Aw. Chin up, lads! Perhaps you're still steamed about, say, women getting the franchise, or child labor laws, or the end of Jim Crow, but such Progress makes the rest of us feel rather chipper. (We'll also be pretty relaxed about ending the poorly planned military excursion in Iraq, and perhaps about doing something positive in regards to the whole global warming bother.)
Such historical and material specificity is anathema in this Catechism. What we get instead are decrepit nationalist platitudes perched atop a familiar, if shaky, racialist base, as in "The political realm is the expression of a people’s will-to-survive, and their desire to perpetuate themselves and their culture," or, even more entertainingly:
--A healthy polity will have a majority population and culture;
contemporary orthodoxy on diversity tends towards anarchy and strife.
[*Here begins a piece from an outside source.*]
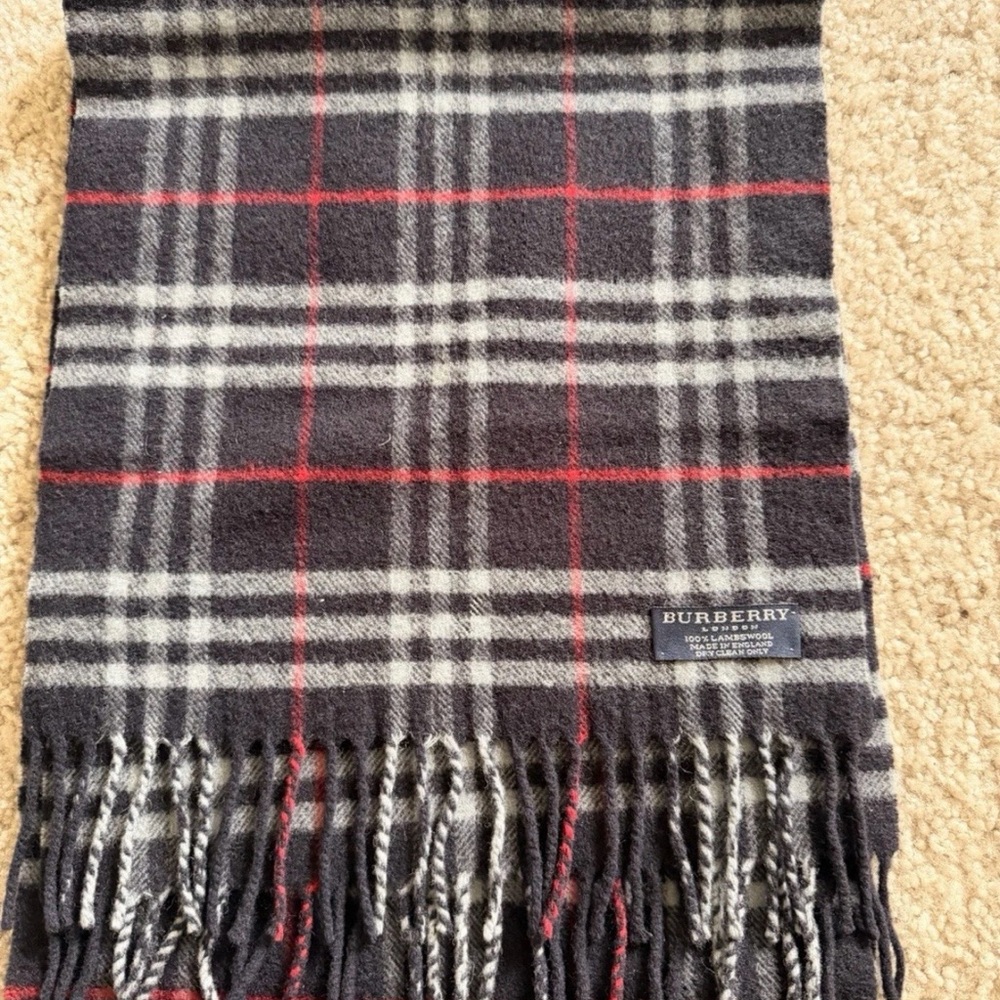 Burberry Men's Scarf in Black, Red, and Gray Plaid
--The right of a community to maintain its identity, autonomy, and independence is among the first principles of a free polity.
That first bit about a "majority culture" is kind of a downer for me myself, since I think American Idol sucks. Though that's not quite what I think they have in mind. What they mean is, "Mexicans suck ass." By a "majority culture," well, that's white, straight, butch, Christian. No? No? Are we somehow no longer in the 19th century? Lord forbid.
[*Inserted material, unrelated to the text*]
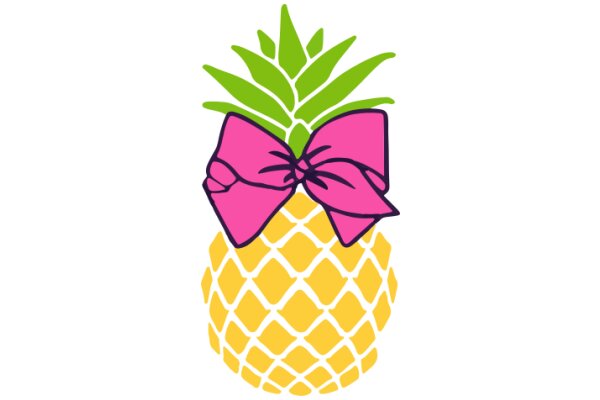 Vibrant Pink Bow on a Yellow Pineapple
The whole piece is sad. It's a desperate attempt to pretend that there are actual intellectual underpinnings to what is a transparently ersatz identity formation: there aren't even any decent invented traditions that shore up this internetty, talk-radio phenomenon. Read the thread and look what our geniuses are reduced to: pretending that gay marriage and a rational immigration policy are race suicide; pretending that Islamicists are everywhere; and defending the fucking Alien and Sedition Acts. (Cella really does this, I shit you not.)
This is why they write so badly, of course. The inflated style pinch hits for the exalted social and cultural position they don't inhabit, and never will.
Sorry, boys.
ADDED: Given the Burke fetish 21st century "conservatives" have going on, as well as the stench of spilt Thomism all over this "Catechism," I'm put in mind of Yeats, a kinda-conservative who himself liked to invoke Burke -- especially after the founding of the Irish Free State when it became quite clear that the newly empowered Catholic bourgeoisie had no use for such "traditions." But Yeats could of course write well -- what's Cella's excuse?
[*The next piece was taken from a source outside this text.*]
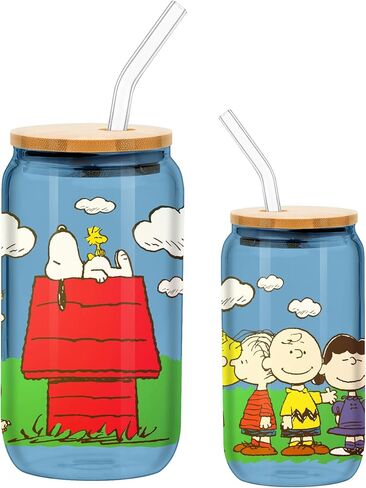 Silver Buffalo Strawberry Shortcake Berry Print Glass Tumbler with Bamboo Lid and Glass Straw Featuring Strawberry Shortcake and Custard, 16 Ounces in Kuwait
ALSO ADDED: Maximos speaks:
Tradition is indeed logically and ontologically prior to law, which is
the effort of the community to protect and secure tradition, from which
it follows that tradition - and here we refer to tradition concerning
the fundamental basis of civilization, and to tradition concerning
cuisine - that never achieves legal recognition is naught but an
abortion. And as for the passions, which I take to be disordered
appetites, or appetites indulged beyond licit measure, I'd rather they
not achieve positive status in law; hence, my opposition to "marriage
reform", be it same-sex unions or the "privatization" of marriage.
Or, "I hate fags." Gay as a cucumber, this one. Talk about your Jesuit strains injected backwards...
FINAL UPDATE: My own definition of "tradition" is "a bunch of people making up lies about the past, something that's fun when you have good booze and Irish music, but is anyway a shitty fucking basis for an ontology."